▸ **Task goal**
Without the pictures, output all of the data exactly.

▸ **Dataset records**
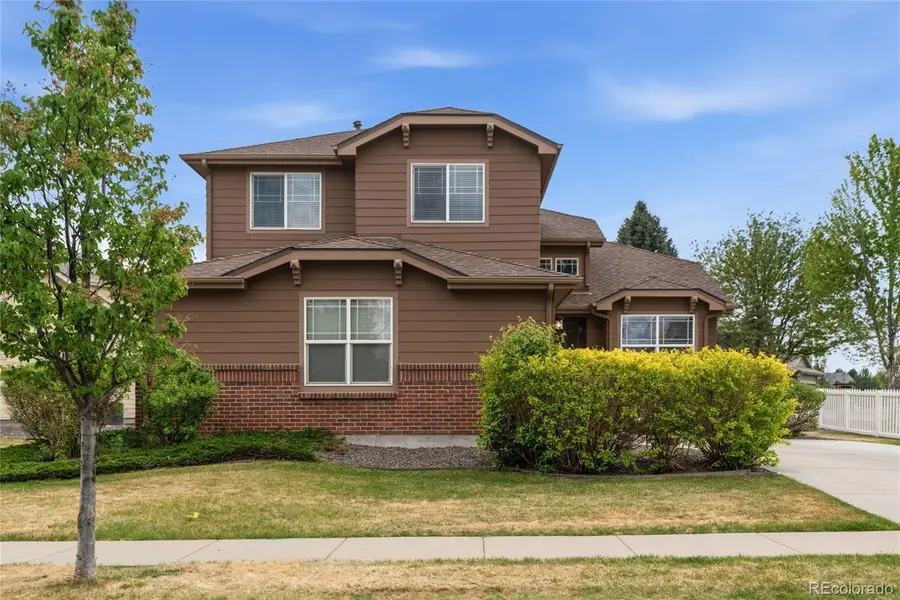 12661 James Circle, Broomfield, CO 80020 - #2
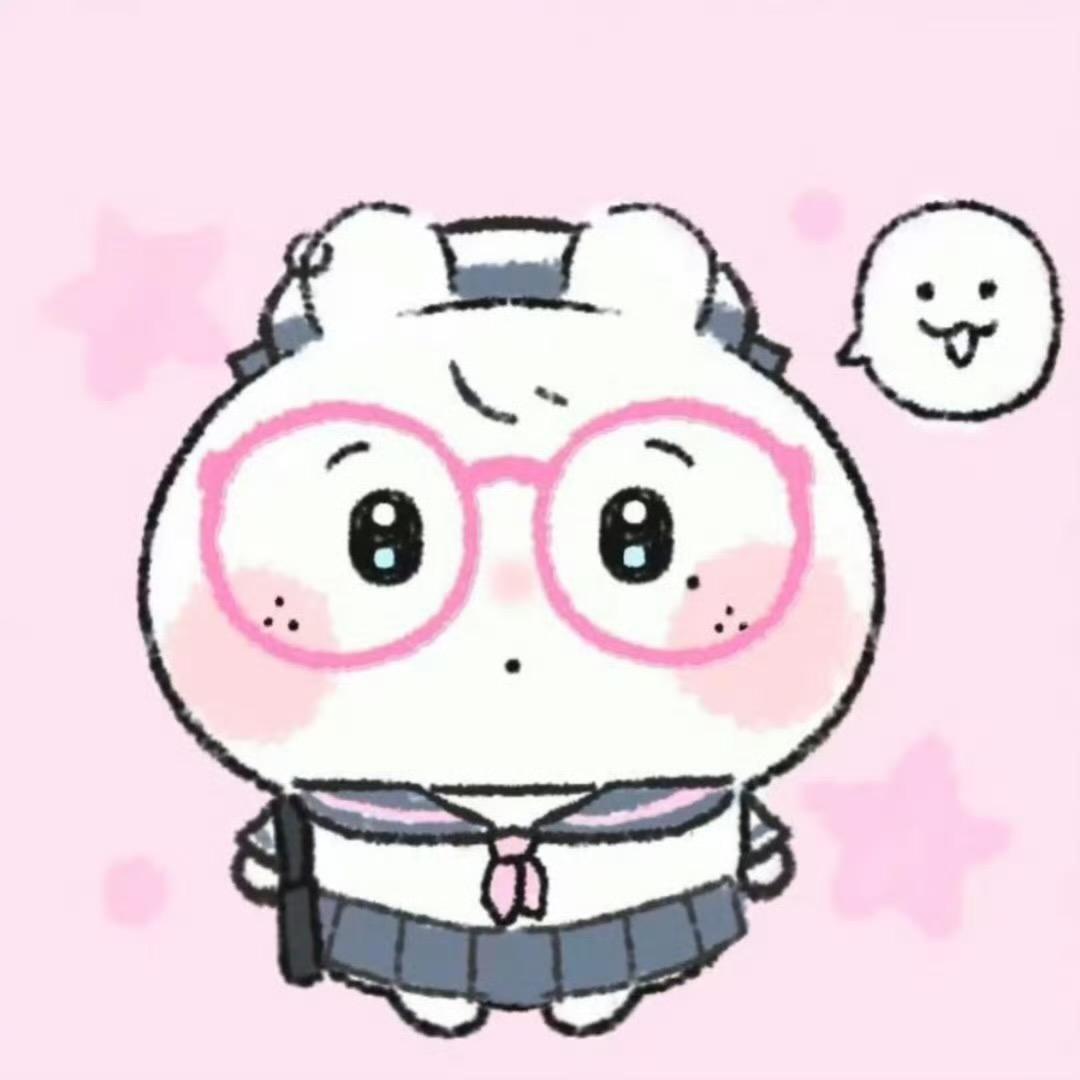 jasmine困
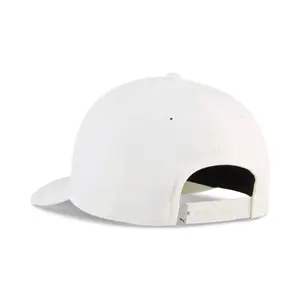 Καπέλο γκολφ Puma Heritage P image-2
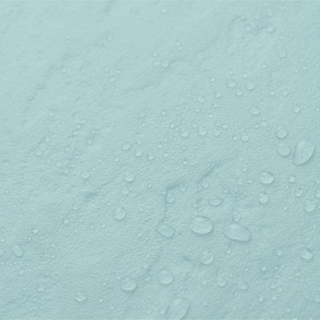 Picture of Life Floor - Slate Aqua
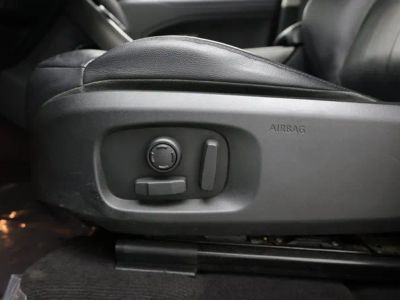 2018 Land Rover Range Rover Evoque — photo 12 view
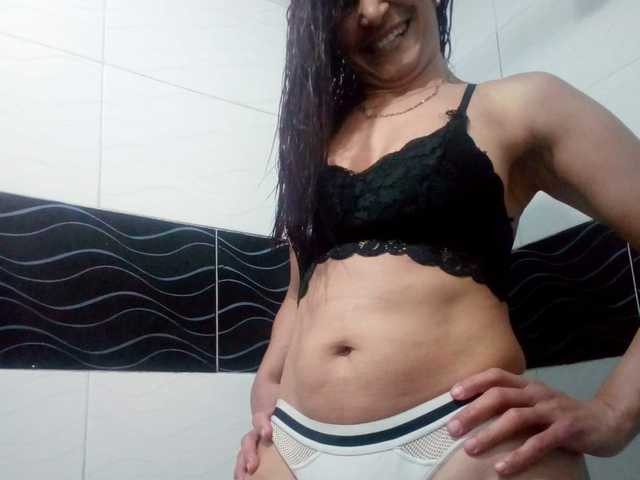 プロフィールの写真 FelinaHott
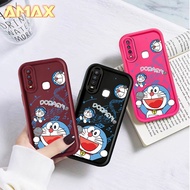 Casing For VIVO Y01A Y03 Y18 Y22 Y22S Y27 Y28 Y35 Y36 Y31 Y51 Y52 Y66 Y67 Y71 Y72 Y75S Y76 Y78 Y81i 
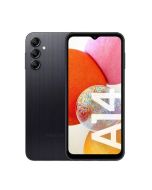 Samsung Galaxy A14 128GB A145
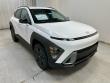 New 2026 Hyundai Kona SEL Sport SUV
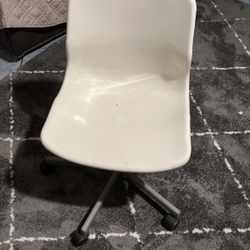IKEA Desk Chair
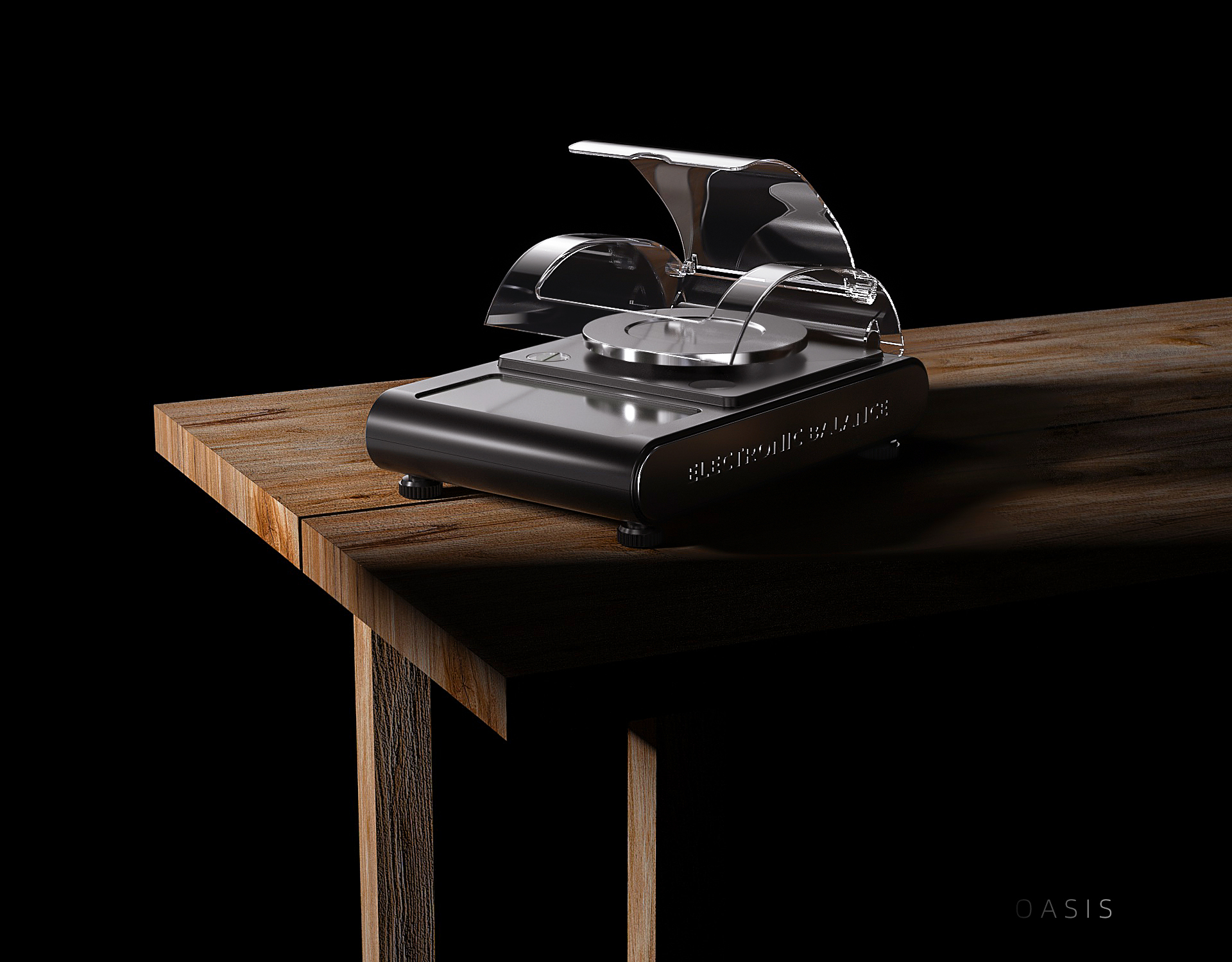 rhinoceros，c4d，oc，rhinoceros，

▸ **Solved problem**
 12661 James Circle, Broomfield, CO 80020 - #2
 jasmine困
 Καπέλο γκολφ Puma Heritage P image-2
 Picture of Life Floor - Slate Aqua
 2018 Land Rover Range Rover Evoque — photo 12 view
 プロフィールの写真 FelinaHott
 Casing For VIVO Y01A Y03 Y18 Y22 Y22S Y27 Y28 Y35 Y36 Y31 Y51 Y52 Y66 Y67 Y71 Y72 Y75S Y76 Y78 Y81i 
 Samsung Galaxy A14 128GB A145
 New 2026 Hyundai Kona SEL Sport SUV
IKEA Desk Chair
 rhinoceros，c4d，oc，rhinoceros，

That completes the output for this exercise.